## WHAT NEEDS TO BE DONE:
An exact copy is required of every line from the one with "Red Cardinal Photo Funeral Thank You Card" through the end of the data below, and the pictures must stay out of it.

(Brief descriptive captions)

- Opening Delimiter -

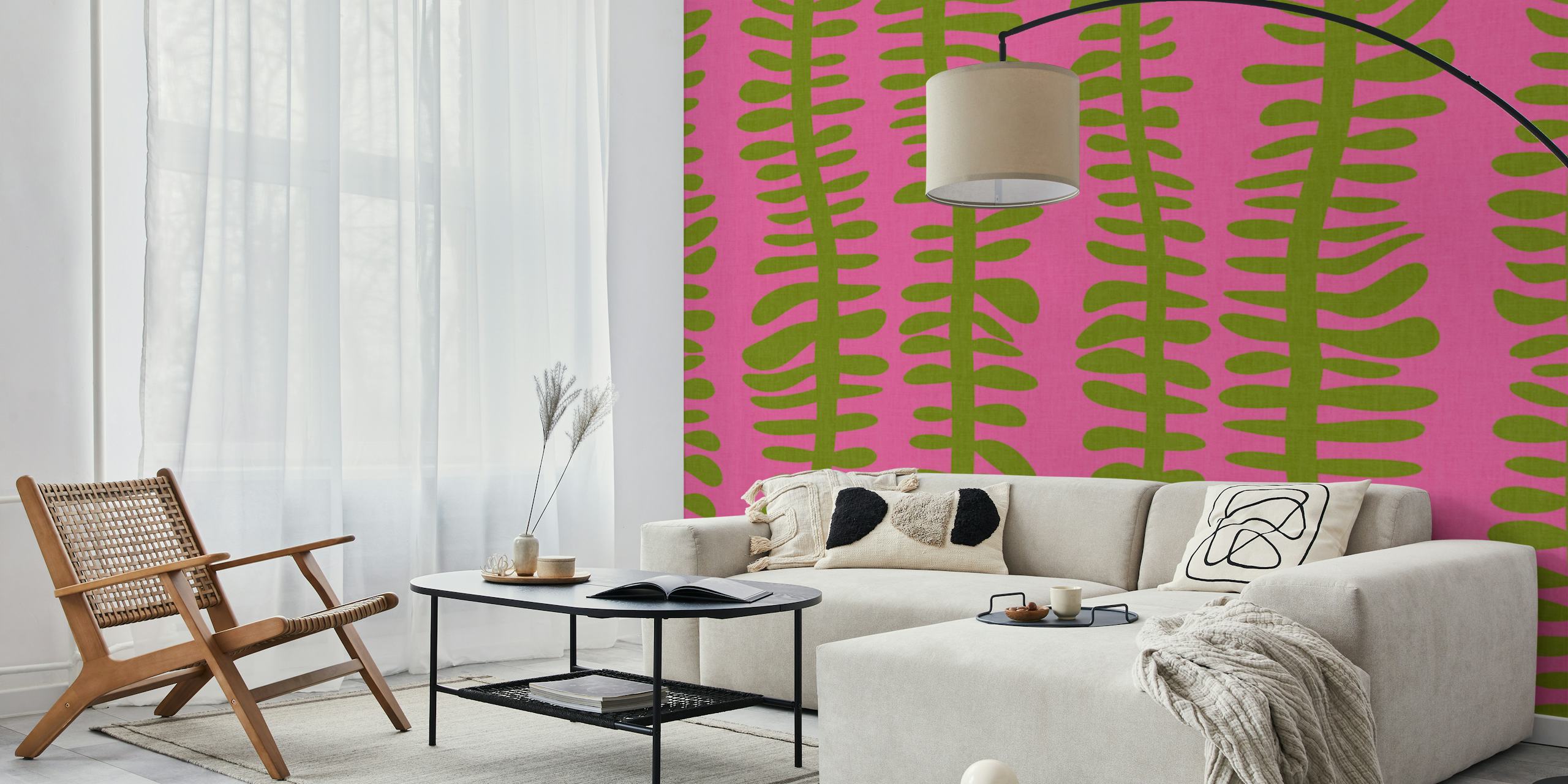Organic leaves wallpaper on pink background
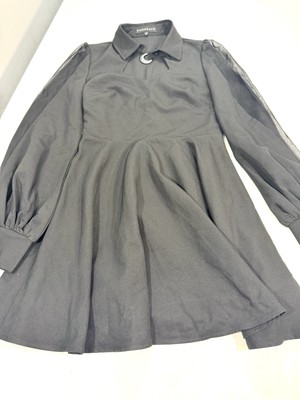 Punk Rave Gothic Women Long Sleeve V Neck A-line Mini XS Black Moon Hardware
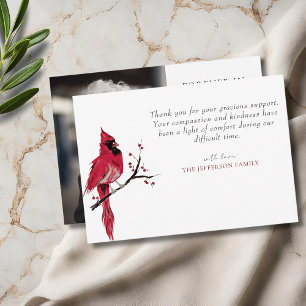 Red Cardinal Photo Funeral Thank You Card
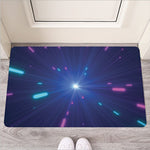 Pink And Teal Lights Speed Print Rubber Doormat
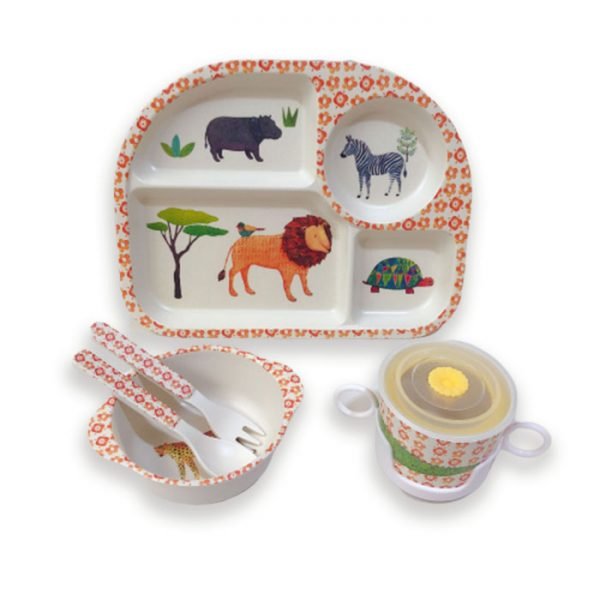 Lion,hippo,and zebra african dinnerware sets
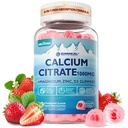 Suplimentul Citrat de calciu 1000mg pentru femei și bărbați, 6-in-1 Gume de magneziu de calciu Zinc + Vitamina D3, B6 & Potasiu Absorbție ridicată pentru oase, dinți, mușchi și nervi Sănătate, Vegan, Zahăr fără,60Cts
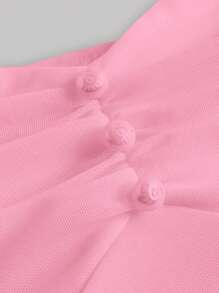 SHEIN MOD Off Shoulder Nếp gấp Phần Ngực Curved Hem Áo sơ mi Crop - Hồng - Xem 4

- Closing Delimiter -

## PROBLEM SOLUTION:
 Red Cardinal Photo Funeral Thank You Card
 Pink And Teal Lights Speed Print Rubber Doormat
 Lion,hippo,and zebra african dinnerware sets
 Suplimentul Citrat de calciu 1000mg pentru femei și bărbați, 6-in-1 Gume de magneziu de calciu Zinc + Vitamina D3, B6 & Potasiu Absorbție ridicată pentru oase, dinți, mușchi și nervi Sănătate, Vegan, Zahăr fără,60Cts
 SHEIN MOD Off Shoulder Nếp gấp Phần Ngực Curved Hem Áo sơ mi Crop - Hồng - Xem 4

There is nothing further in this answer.